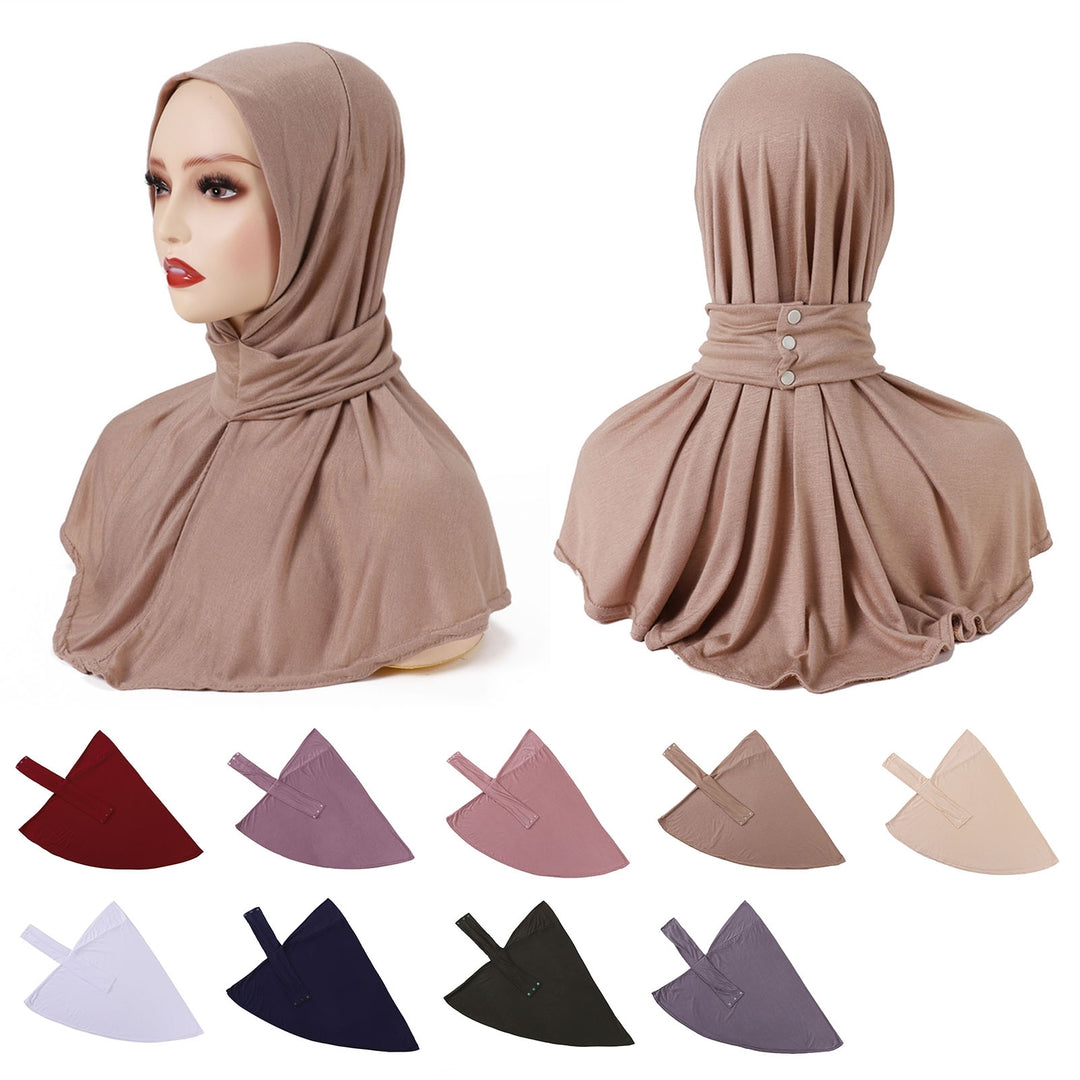 Adjustable Strap Buttons Cape Hem Turban Hat Women Full Cover Head Wraps Scarf Costume Accessories Image 11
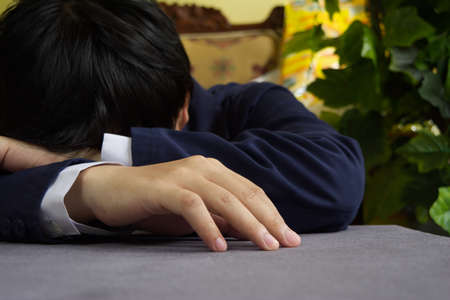 play the role of being an a businessman. Businessman is sad or have a lot of problems and something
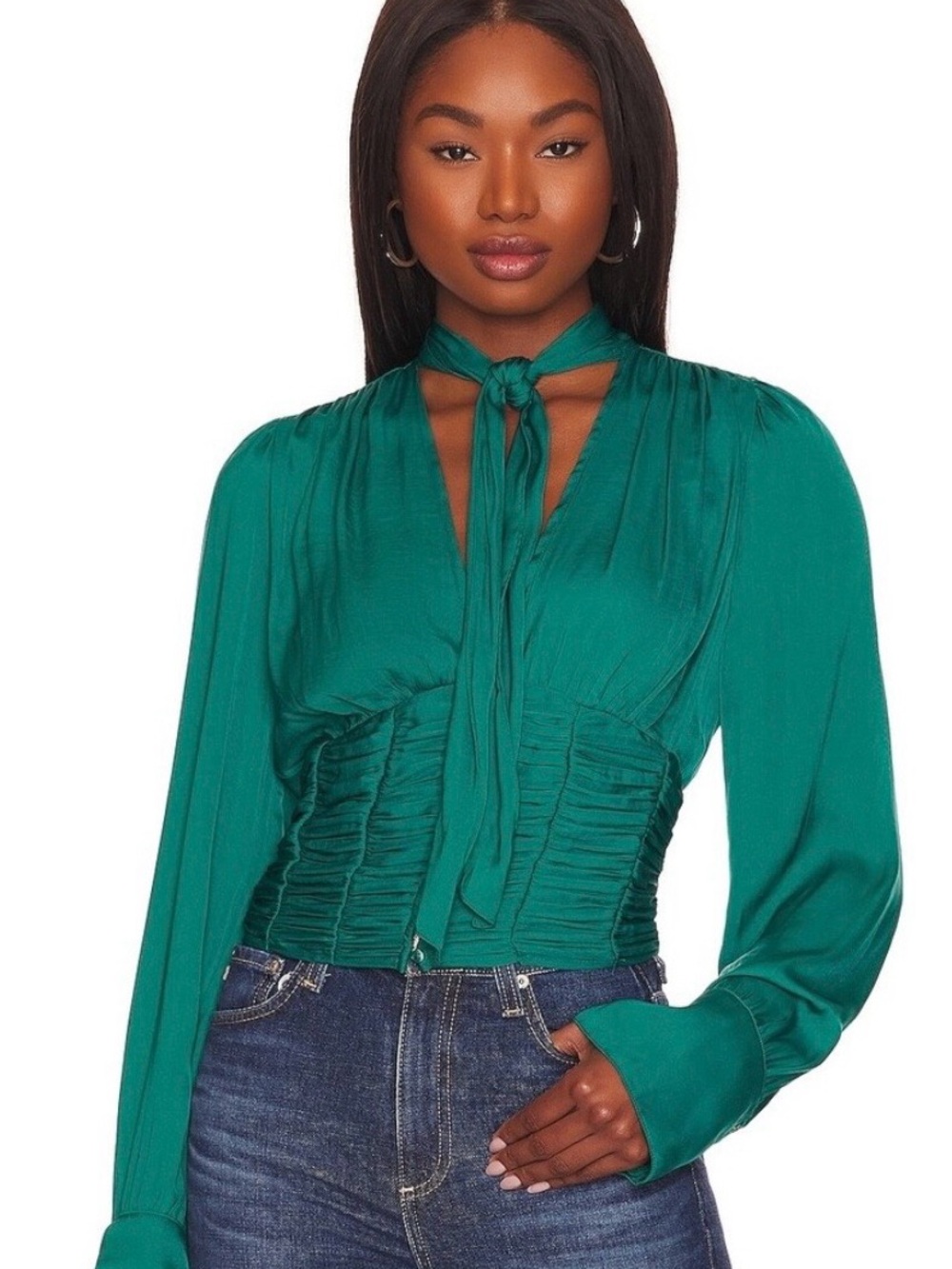 Free People Emerald Tie-Neck Satin Blouse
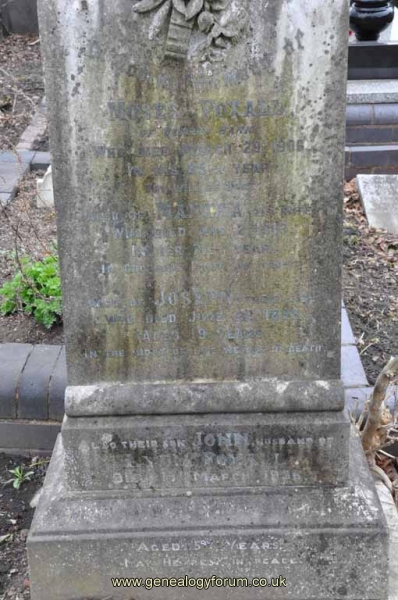 Foxall - Moses, Martha & son Joseph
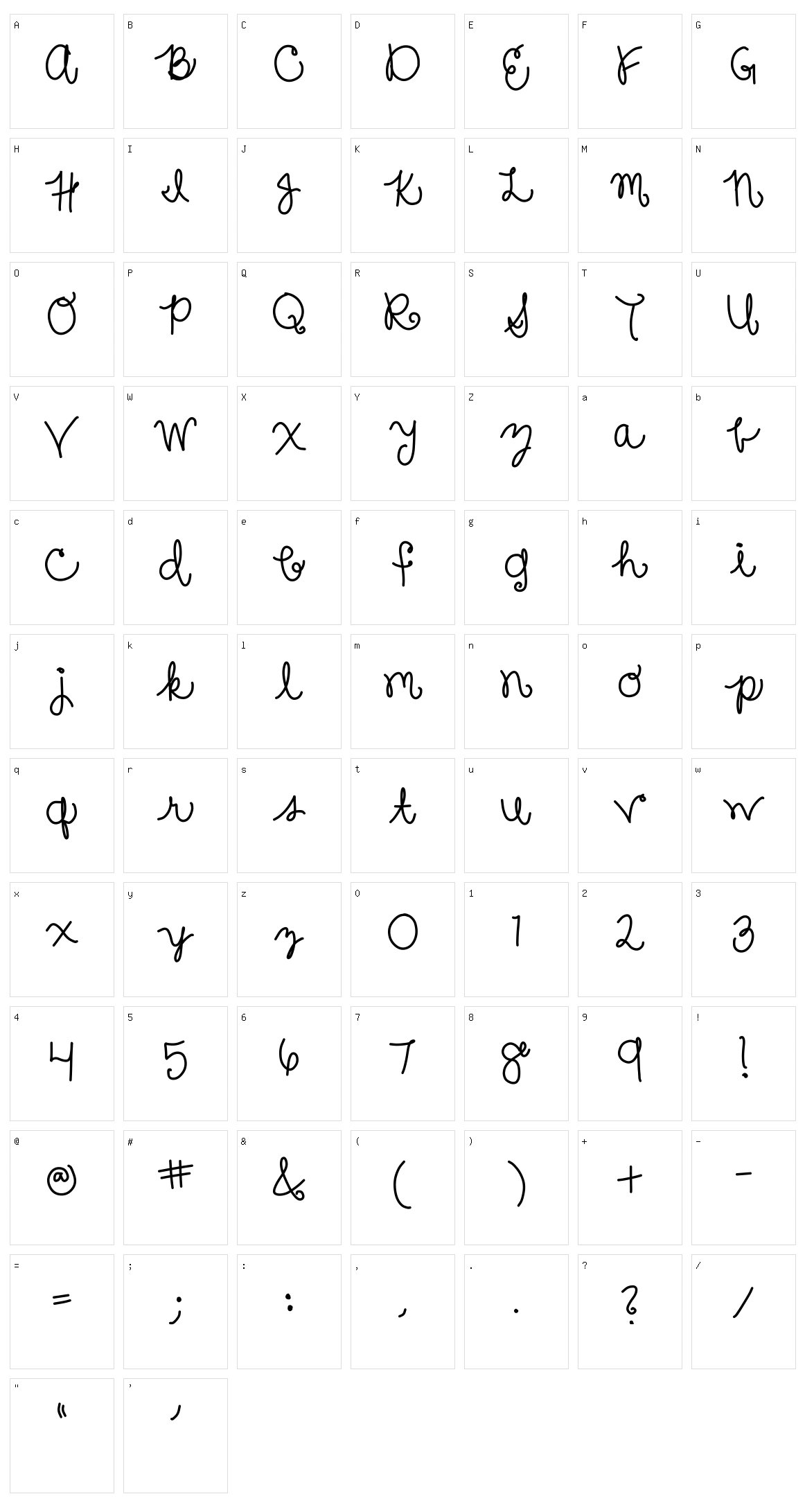Sure thang Character Set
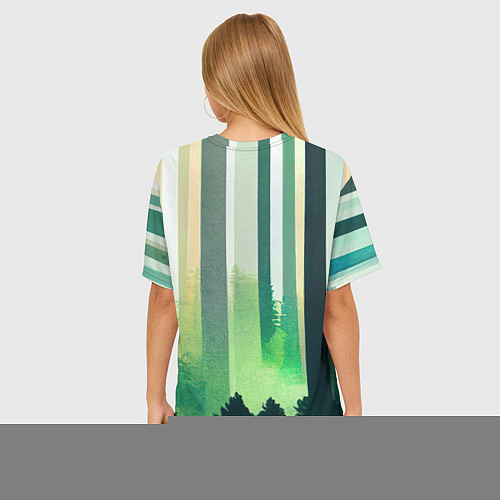 Женская футболка оверсайз Прохладный лес / 3D-принт – фото 4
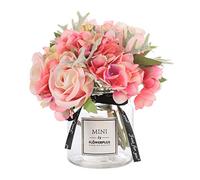 XFLSDHGD Fleurs artificielles vases Roses Fausses Fleurs de la Soie hydrtensia séchée en Plastique de décoration de Fleur de Table Centrale de Bureau décoration de fête de Mariage (Couleur: Blanc)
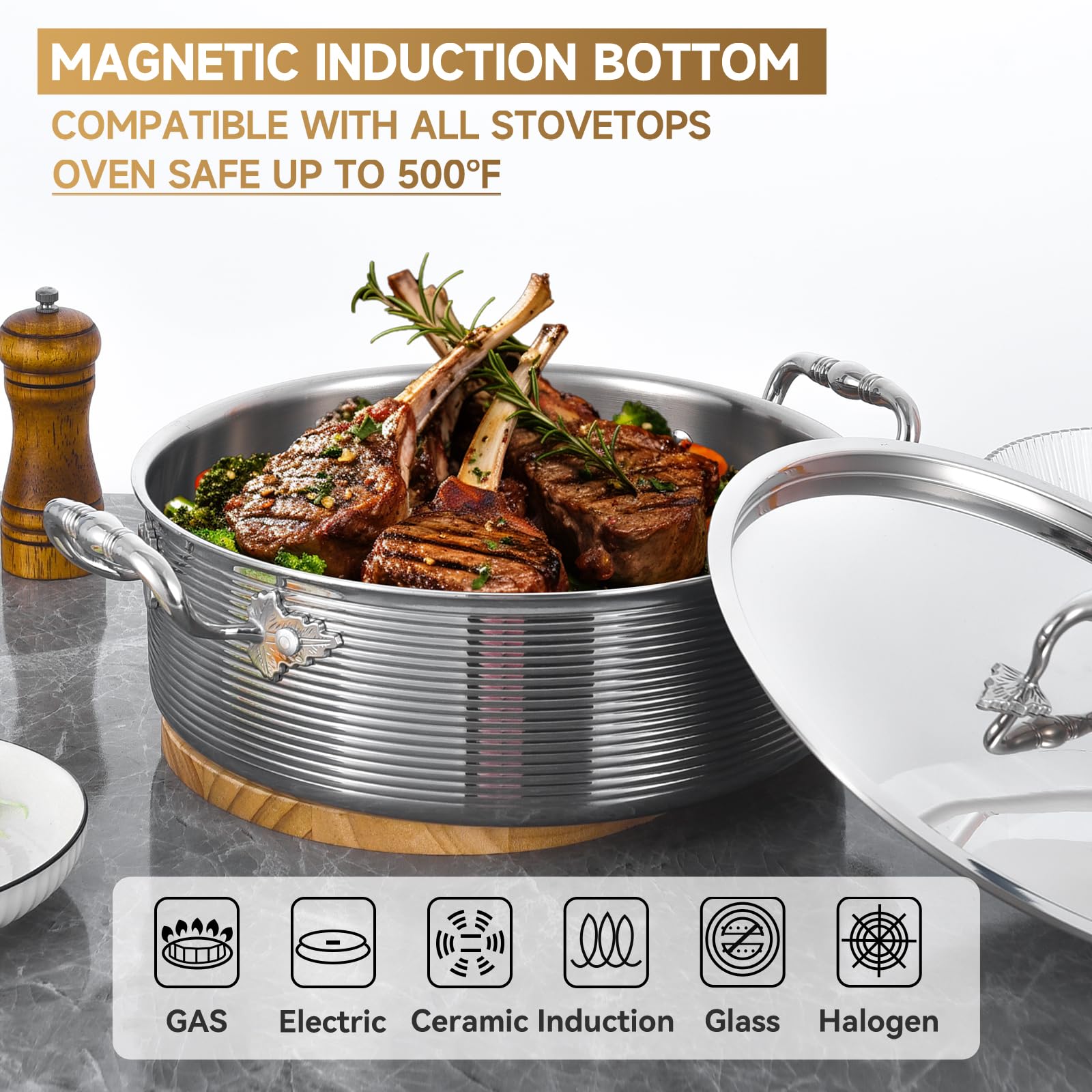 Inqibee Tri-Ply Stainless Steel 8 QT Sauté Pan with Lid - 13 Inch Induction Compatible Deep Frying Pan, Braiser, Large Skillet & Jumbo Cooker - Heavy Duty, Dishwasher & Oven Safe - Perfect for Searing, Frying & Slow Cooking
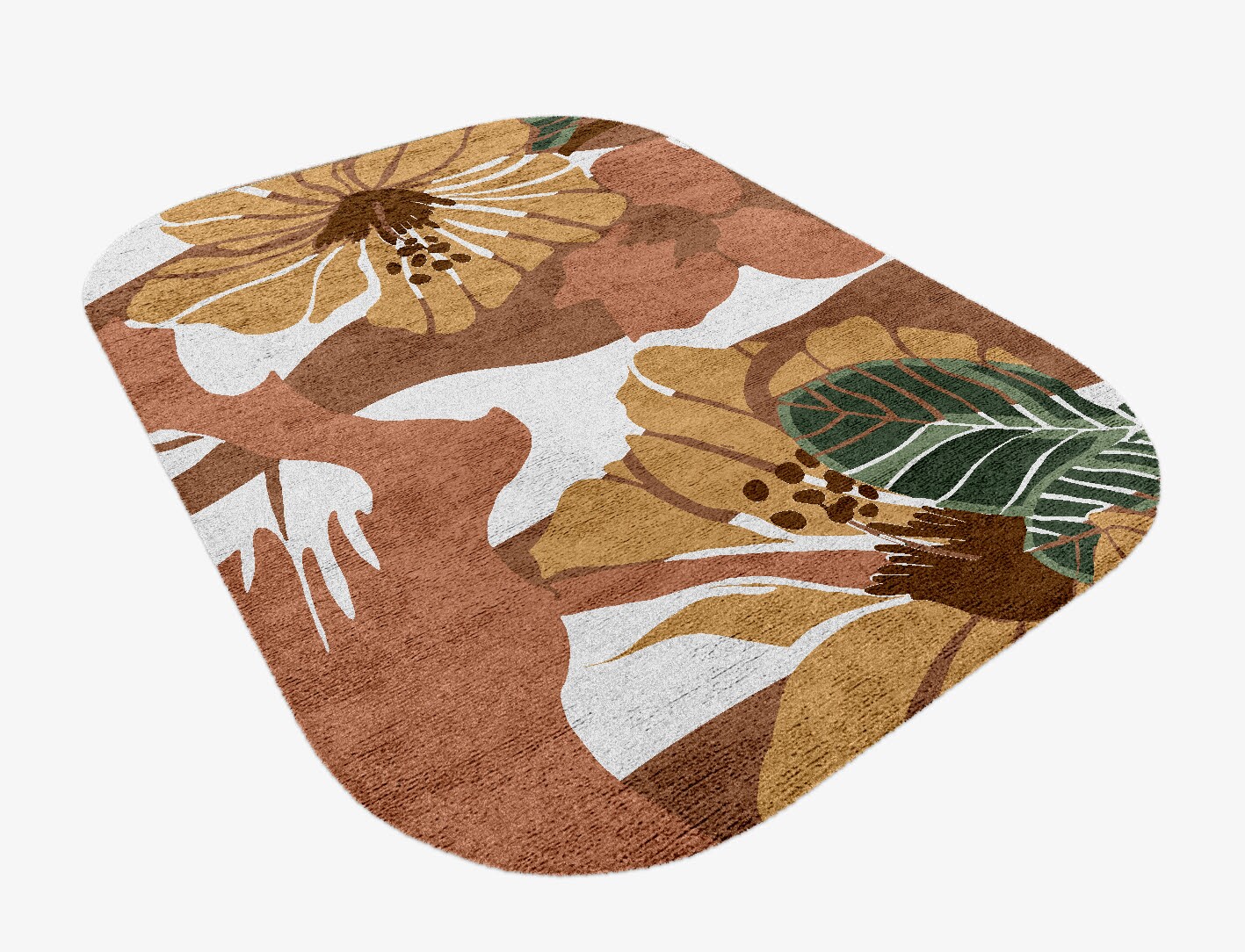 Moss Rose Field of Flowers Oblong Hand Knotted Bamboo Silk Custom Rug by Rug Artisan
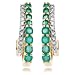 14k Yellow Gold Emerald and Diamond J-Hoop Earrings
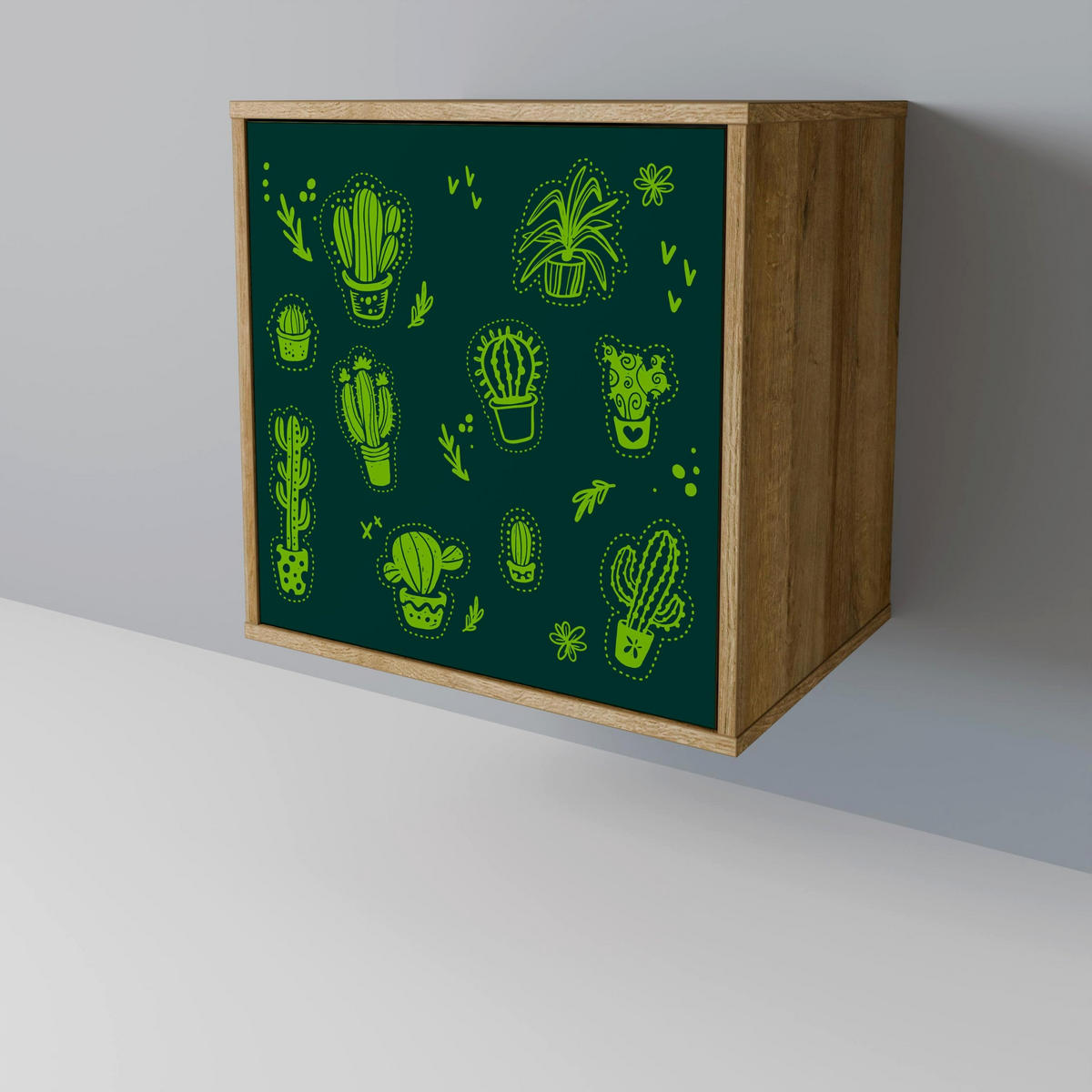 SIDEBOARD DESERT GREEN, Eichefarben, 57,5x42x70,5 cm, Schwarze Metall-Sternfüße - Eichefarben/Multicolor, Holzwerkstoff/Metall (57.5/70.5/42cm) - SpaceRebels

REQUIRED ACTION:
Restate word for word only the lines that run from the line holding "Moss Rose Field" to the end of the data, both ends kept, leaving every picture out.

RESULT FOR THIS TASK:
 Moss Rose Field of Flowers Oblong Hand Knotted Bamboo Silk Custom Rug by Rug Artisan
 14k Yellow Gold Emerald and Diamond J-Hoop Earrings
 SIDEBOARD DESERT GREEN, Eichefarben, 57,5x42x70,5 cm, Schwarze Metall-Sternfüße - Eichefarben/Multicolor, Holzwerkstoff/Metall (57.5/70.5/42cm) - SpaceRebels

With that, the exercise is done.